_Raw data_.
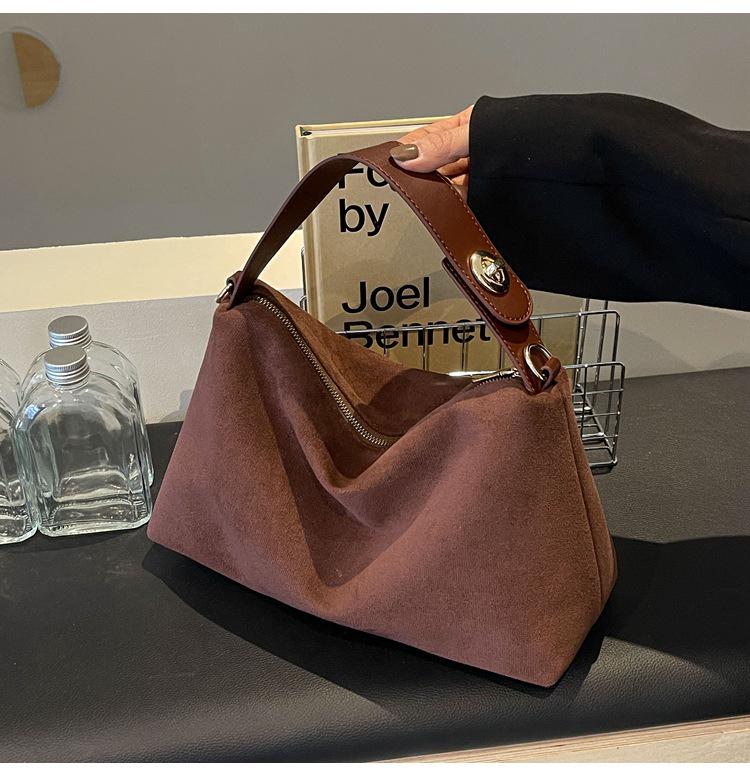 Retro Matte High-End Suede Crossbody Bag - Large Capacity, Versatile Shoulder or Underarm Design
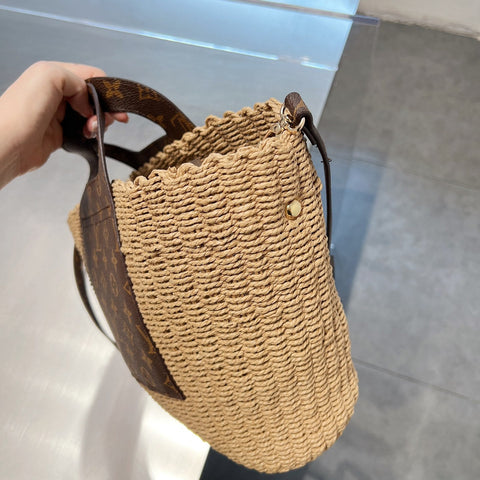 Leather-paneled Woven Straw Bag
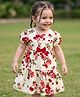Babyhug Cotton Knit Fit And Flare Dress with Half Puffed Sleeves and Floral Print in White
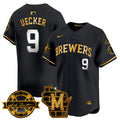 Men's Milwaukee Brewers Home & Bob Uecker Patch Vapor Premier Limited Jersey - All Stitched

_What you should do_.
An exact copy is needed of the lines running from the one with "Leather-paneled Woven Straw Bag" through the end of the data above, and of those lines only, without pictures.

_Task answer_.
 Leather-paneled Woven Straw Bag
Babyhug Cotton Knit Fit And Flare Dress with Half Puffed Sleeves and Floral Print in White
 Men's Milwaukee Brewers Home & Bob Uecker Patch Vapor Premier Limited Jersey - All Stitched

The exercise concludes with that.